Hello, I'm Duck.
Last time, I introduced how to represent signed numbers. This time it's about floating point numbers.
A floating point number is a number represented without a fixed decimal point. It can represent very large to very small numbers.
There are many ways to represent floating point numbers, but here we will deal with 32-bit single-precision floating point numbers conforming to the IEEE754 method. This is what we mean when we simply refer to floating point in this article.
Floating point structure
Since the position of the decimal is not fixed, the representation is similar to the representation of the decimal exponent.
It is represented as follows.
Similarly, it is represented by this "sign", "mantissa", and "exponent" bits. Floating point divides 32 bits into 3 as follows:
Let's put the numbers in this diagram and see how each one is represented.
As an example, let's express -10.25 in bits.
How to represent the mantissa part
The mantissa is the part that represents the actual number. In binary numbers, increasing digits represent powers of 2, while decimal numbers represent powers of 0.5 (2 to the negative power) as decreasing digits.
Since we add 2 to the power of minus one at a time, we may not be able to express it exactly. In that case, it will be expressed by approximation with a close value.
Let's look at the case of -10.25. First of all, how do you express the 0.25 part after the decimal point?
The mantissa is the sum of the fractional part and the integer part. The integer part is 10, so you can easily convert it to binary. The conversion method that combines these is shown in the figure below.
Convert the integer and fractional parts to bits and combine them. Then move the decimal point so that the integer part is “1” and becomes a single digit.
Then the integer part will always be 1 as a bit. Therefore, 0100100… excluding the first 1 is the mantissa digit. The remaining digits are filled with 0.
When the place with the highest number of bits is filled, the goal is finally in sight. It will be a while after I come here.
How to find the exponent part
The exponent represents the number of decimal points moved, just like in decimal numbers. Since 3 digits were moved when obtaining the mantissa, the exponent is 3.

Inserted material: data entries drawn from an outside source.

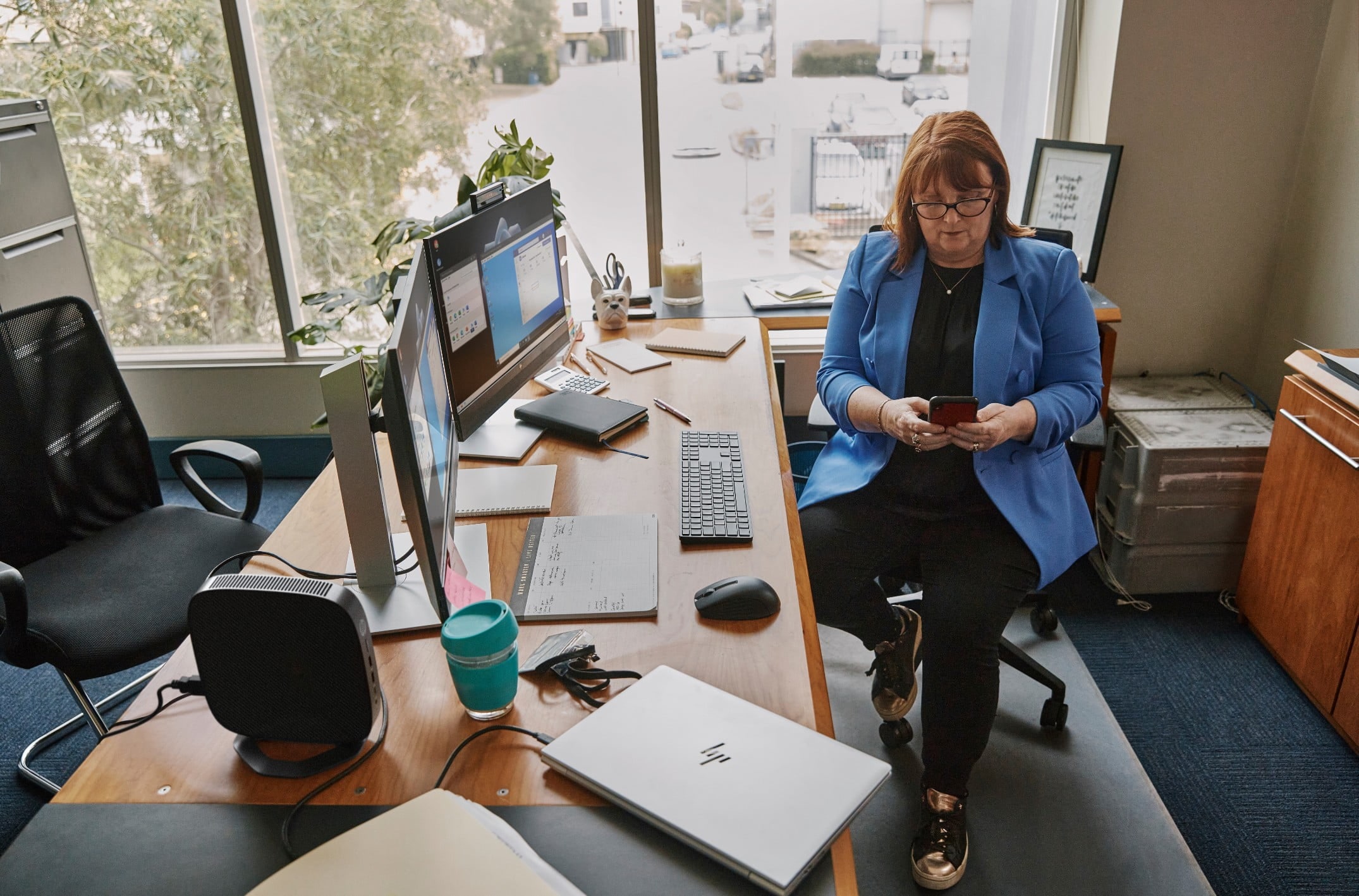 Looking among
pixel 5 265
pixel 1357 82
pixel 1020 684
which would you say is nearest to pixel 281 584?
pixel 1020 684

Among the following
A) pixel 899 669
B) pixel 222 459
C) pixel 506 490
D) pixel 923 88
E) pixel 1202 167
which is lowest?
pixel 899 669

Therefore, we would like to set the exponent to 0000 0011, but it's not that simple. This exponent is represented as a number in offset binary format. The bias value is 127.
Therefore, the exponent is 1000 0010 by adding the bias value of 127 as shown in the figure below.

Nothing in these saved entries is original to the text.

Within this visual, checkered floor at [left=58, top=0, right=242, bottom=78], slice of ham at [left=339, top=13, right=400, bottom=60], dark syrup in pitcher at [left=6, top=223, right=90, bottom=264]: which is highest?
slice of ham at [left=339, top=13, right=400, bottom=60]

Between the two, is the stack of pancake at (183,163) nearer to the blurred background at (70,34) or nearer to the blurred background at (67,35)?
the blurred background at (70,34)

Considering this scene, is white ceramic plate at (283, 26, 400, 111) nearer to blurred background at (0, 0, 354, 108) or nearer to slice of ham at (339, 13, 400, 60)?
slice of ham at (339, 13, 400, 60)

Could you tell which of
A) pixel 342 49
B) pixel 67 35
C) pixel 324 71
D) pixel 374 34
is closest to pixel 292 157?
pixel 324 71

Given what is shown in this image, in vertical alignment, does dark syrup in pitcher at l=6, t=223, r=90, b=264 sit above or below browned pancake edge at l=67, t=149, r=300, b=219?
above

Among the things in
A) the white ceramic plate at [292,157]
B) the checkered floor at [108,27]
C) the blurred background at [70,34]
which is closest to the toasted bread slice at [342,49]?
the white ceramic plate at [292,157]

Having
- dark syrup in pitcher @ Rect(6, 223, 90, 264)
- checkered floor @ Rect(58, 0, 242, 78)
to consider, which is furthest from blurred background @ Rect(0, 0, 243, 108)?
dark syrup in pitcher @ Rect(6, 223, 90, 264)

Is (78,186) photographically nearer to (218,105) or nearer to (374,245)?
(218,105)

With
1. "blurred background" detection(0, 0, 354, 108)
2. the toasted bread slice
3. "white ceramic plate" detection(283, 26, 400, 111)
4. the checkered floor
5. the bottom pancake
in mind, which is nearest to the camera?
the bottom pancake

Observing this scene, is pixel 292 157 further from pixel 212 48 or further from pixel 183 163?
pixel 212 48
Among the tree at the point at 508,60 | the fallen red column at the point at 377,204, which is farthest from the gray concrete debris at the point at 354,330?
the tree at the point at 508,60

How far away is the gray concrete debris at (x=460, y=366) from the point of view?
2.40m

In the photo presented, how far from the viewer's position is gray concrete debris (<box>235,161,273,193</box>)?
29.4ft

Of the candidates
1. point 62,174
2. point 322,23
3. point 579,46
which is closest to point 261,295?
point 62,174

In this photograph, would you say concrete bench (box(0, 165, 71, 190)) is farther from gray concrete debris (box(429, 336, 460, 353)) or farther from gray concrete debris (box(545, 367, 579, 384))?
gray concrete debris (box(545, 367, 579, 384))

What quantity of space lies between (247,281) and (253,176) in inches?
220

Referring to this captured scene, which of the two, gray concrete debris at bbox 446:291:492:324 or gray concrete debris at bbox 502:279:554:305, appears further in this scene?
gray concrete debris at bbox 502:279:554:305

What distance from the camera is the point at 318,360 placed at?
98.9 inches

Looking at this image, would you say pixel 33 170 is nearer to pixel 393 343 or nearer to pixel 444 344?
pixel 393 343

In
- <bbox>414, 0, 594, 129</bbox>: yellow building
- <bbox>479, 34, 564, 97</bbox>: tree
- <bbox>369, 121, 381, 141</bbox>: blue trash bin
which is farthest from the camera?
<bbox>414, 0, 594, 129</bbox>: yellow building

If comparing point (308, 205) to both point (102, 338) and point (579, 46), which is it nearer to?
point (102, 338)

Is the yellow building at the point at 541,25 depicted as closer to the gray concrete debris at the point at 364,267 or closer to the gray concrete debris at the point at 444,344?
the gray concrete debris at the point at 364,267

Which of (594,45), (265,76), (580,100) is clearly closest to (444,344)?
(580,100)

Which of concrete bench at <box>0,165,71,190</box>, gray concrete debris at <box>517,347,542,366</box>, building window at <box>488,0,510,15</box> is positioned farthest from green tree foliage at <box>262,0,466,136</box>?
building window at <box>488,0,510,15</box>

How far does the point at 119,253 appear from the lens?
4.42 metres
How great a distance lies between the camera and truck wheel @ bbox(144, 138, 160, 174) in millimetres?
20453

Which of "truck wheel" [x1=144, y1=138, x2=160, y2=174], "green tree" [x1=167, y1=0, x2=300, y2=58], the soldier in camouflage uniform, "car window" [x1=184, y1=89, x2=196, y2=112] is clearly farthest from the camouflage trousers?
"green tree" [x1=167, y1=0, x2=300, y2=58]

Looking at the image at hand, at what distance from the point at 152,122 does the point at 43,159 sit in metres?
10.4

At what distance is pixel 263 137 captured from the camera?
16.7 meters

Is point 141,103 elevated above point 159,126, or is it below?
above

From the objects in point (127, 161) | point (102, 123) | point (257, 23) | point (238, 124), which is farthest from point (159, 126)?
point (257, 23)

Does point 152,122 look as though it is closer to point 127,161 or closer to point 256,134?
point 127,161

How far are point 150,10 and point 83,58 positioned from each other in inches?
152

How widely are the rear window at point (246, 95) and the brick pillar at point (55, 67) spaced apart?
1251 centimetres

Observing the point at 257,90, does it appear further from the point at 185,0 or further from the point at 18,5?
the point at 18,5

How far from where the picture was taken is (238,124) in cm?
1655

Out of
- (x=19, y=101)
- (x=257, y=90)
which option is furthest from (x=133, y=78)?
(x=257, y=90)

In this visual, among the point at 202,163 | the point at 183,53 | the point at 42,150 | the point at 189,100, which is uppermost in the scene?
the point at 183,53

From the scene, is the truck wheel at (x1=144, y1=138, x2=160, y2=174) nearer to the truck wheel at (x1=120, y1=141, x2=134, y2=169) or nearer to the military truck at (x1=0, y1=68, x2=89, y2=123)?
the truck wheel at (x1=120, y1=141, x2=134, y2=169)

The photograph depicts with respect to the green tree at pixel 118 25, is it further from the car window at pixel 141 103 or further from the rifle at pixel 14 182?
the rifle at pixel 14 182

Now we can represent-10.25 in floating point.
As a supplement, I said in the explanation of the mantissa that the highest digit should be 1. But there is one exception. It's time 0. Therefore, when it is 0 exceptionally, all bits are 0 even in floating point.
I want to remember + α
With the contents of this time, we were able to represent positive numbers, negative numbers, decimals, and exponents. However, calculations using floating point numbers are complicated, such as aligning the decimal point position of each number and checking for overflow. Therefore, a dedicated arithmetic processing unit is often incorporated.
Furthermore, Altera® FPGAs incorporate digital processing (DSP) blocks, enabling floating-point arithmetic. Additionally, floating-point arithmetic is implemented in hardware in SoC devices and FPGAs from the Arria® V SoC, Cyclone® V SoC, and later.